Basically, what I believe has happened is that most of the younger generation (and many in the older generation) have become persuaded by the same observations and understanding that persuaded me some thirteen years ago: that being gay isn't a lifestyle choice, political ideology, or consequence of rejecting God. Being gay is something that people find themselves to be--and as a result some gay or lesbian people may have to make choices about their politics, religion or lifestyle that may or may not be in step with those who have never wrestled with having a minority sexual orientation.

My view used to be that perverts are gay, the immoral are gay, the rebellious are gay. The difference now is that I think people are gay. By "people" I mean the "people in your life" people. People that life insurance ads appeal to. People who buy Coke instead of Pepsi, or vice versa. The people we mean when we say, "people like convenience" or "people want a president who cares." Once you see that people are gay, that changes everything.
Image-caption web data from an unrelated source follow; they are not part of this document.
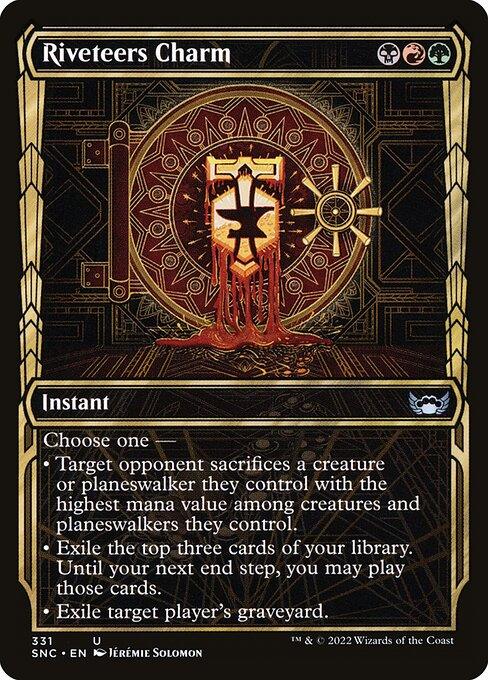 [Foil] SNC 331 Riveteers Charm (Showcase) U
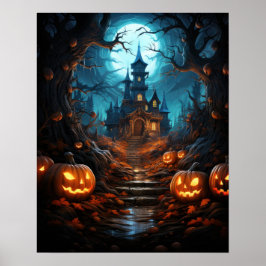 Hexe im WaldHalloween Poster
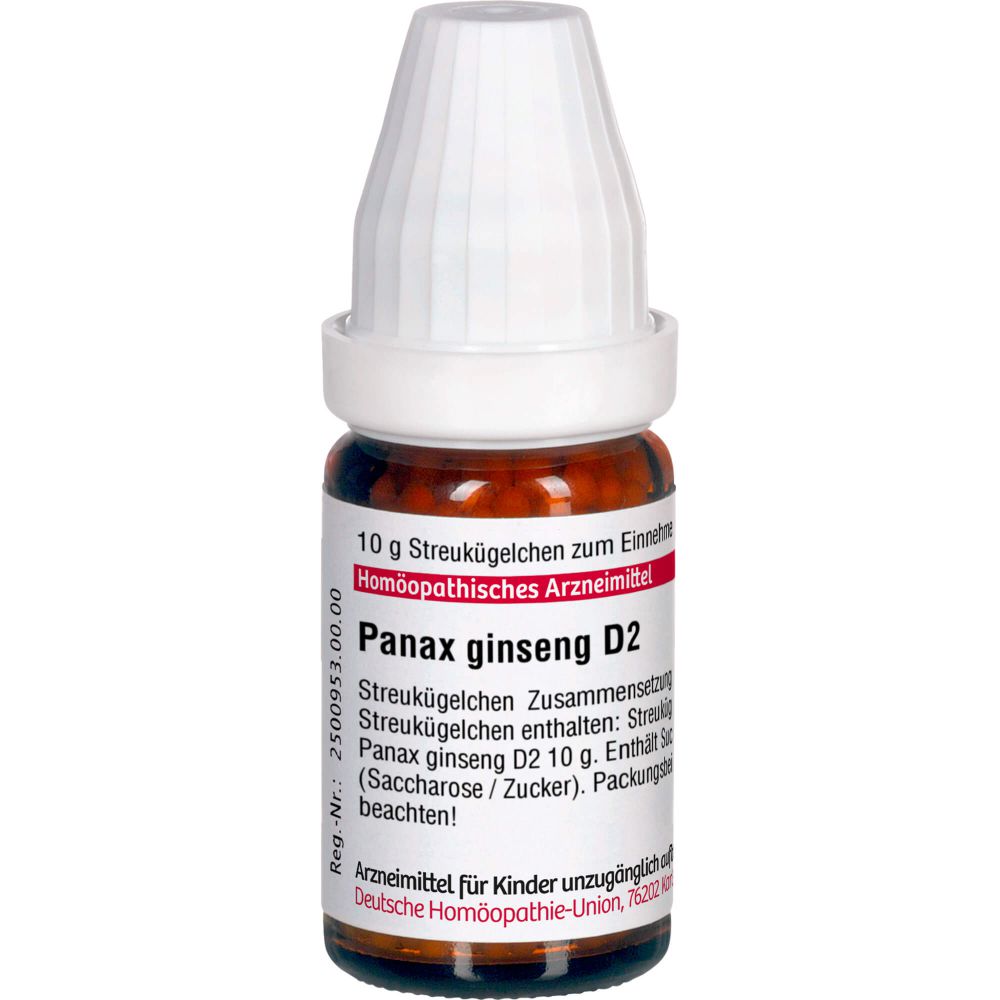 PANAX GINSENG D 2 Globuli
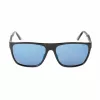 GUESS GF00048-5901C miesten suorakaiteen muotoiset aurinkolasit - musta kehys, harmaat linssit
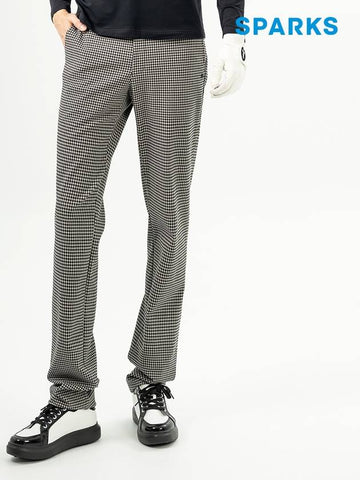 Men s Check Straight Fit Long Pants SN3MPA002 - SPARKS - BALAAN 1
But the fact is, you can't see gay people as people unless you come to realize it for yourself. This is not something you are convinced of by simply reading a blog post. For instance, back when I still had the idea that only rebellious, perverted child molesters were gay, I would "push back" in my mind against anything I encountered that seemed to contradict my view. In early 2000 when my thinking was still in transition, I once saw a story about a high school kid, the quarterback and team captain of the school football team, who came out to his teammates as gay and was well received. I was annoyed that the secular media didn't highlight the moral issue of being gay and simply presented it as a touchy-feely, triumph-of-the-human-spirit thing. I pushed back at the story with my mind because it wasn't a Christian presentation, and I ended up rejecting the whole thing.

But upon later reflection, I realized that I missed the whole point of the story. Sure, there are moral issues about being gay when you approach it from a Christian perspective. But the more foundational question is, who is this person to begin with? Your standard issue pervert? Or just a high-school kid, feeling like he needed to be honest with his teammates, so scared he was shaking when he stood in front of them in the locker room and came out, finding relief once the truth was out and his family and friends accepted him.

Whatever moral journey that high school kid might take from that point on in his life, you have to recognize that it is a person who is going to make that journey. You have to ask yourself, what you would do if you were in his shoes? It is a question you only ask when you recognize that he is someone just like yourself.

And that circles us back to approaching this boy's story, and everyone's story, from a Christian moral perspective. When Jesus says "love your neighbor as yourself," he is saying that in order to fulfill our primary moral obligation to another person, we must first put ourselves in his or her shoes, so that we would know how to love them. We must first treat them like people. Because even Jesus recognized that neighbors are people.